What’s Next: The Future of Sharding

Sharding and data loading are evolving fast. New frameworks like SageMaker Model Parallelism v1.15+ support PyTorch 1.13.1 and beyond, making it easier to combine sharded and tensor parallelism without custom code.

Research is moving toward adaptive sharding-where the system automatically adjusts shard size and distribution based on GPU utilization, network load, and data access patterns. Imagine a system that notices one shard is slower to load and redistributes its data on the fly.

We’re also seeing more integration between data curation and sharding. Tools are emerging that don’t just split data-they analyze it, clean it, and shard it in a way that maximizes learning efficiency.

The future isn’t just bigger models. It’s smarter pipelines. And that starts with how you handle the data.

What’s the difference between sharded data parallelism and tensor parallelism?

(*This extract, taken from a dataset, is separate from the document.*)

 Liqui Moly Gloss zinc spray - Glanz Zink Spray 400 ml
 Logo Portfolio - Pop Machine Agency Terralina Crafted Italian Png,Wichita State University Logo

Sharded data parallelism splits the model’s parameters, gradients, and optimizer states across multiple GPUs to reduce memory per device. Each GPU trains on a different shard of the data, but the full model is reconstructed during forward and backward passes. Tensor parallelism, on the other hand, splits individual layers-like attention heads or MLPs-across multiple GPUs. This reduces memory for intermediate activations, which is critical for long sequences. They’re often used together: sharded data parallelism handles memory for parameters, while tensor parallelism handles memory for activations.

Do I need petabytes of data to train a good LLM?

No. Recent models like Llama-3.1-8B and DeepSeek-R1-Distill-Qwen-14B were trained on datasets under 100 million tokens. What matters more than size is quality and relevance. A focused dataset with high-quality, domain-specific data often outperforms a massive but noisy one. Sharding lets you handle petabytes, but smart data selection lets you avoid them.

Why can’t I just use a single high-end GPU for training?

Training requires storing the model, gradients, and optimizer states simultaneously. This triples the memory needed compared to inference. Even a 70B model needs nearly 1 TB of GPU memory to train. No single GPU today has that much memory. Sharding distributes this load across many GPUs, making training possible.

How do I avoid GPU idling during training?

Use a prefetching data loader like WebDataset or NVIDIA DALI. These tools decode and shuffle data in the background while the GPU is training. They also keep multiple batches ready in memory. Combine this with a high-speed distributed filesystem (like WekaIO or CephFS) to serve data from local disks instead of over the network. This keeps the data pipeline full and the GPU busy.

What’s the best way to shuffle data across shards?

Don’t shuffle within each shard alone-that creates local randomness but not global randomness. Instead, shuffle the order of the shards first, then shuffle samples within each shard. Tools like AIStore automate this by globally shuffling shard names and using client-side shuffle buffers. This ensures every GPU sees a truly randomized sequence, improving model generalization.

Can I train on data stored only in S3?

Technically yes, but you’ll be bottlenecked. S3 is slow for high-throughput, low-latency reads. When thousands of GPUs request data simultaneously, S3 can’t keep up. Use S3 as your archive, then copy data into a distributed filesystem like HDFS or WekaIO before training. This gives you the cost savings of object storage with the speed of local storage.

How do I know if my sharding setup is working?

Monitor GPU utilization. If it’s consistently below 80%, your data loader is too slow. Check your data pipeline’s throughput-aim for at least 5-10 GB/s per node. Use profiling tools like PyTorch Profiler or NVIDIA Nsight Systems to trace delays. If data loading takes longer than computation, you need faster storage, better sharding, or a more efficient loader.

Is sharding only for training, or does it help with inference too?

Sharding is primarily for training. Inference can often run on a single GPU using quantization or offloading. Sharding isn’t needed because inference doesn’t require storing gradients or optimizer states. However, some large inference systems use model parallelism (similar to tensor parallelism) to split very large models across multiple GPUs for faster response times.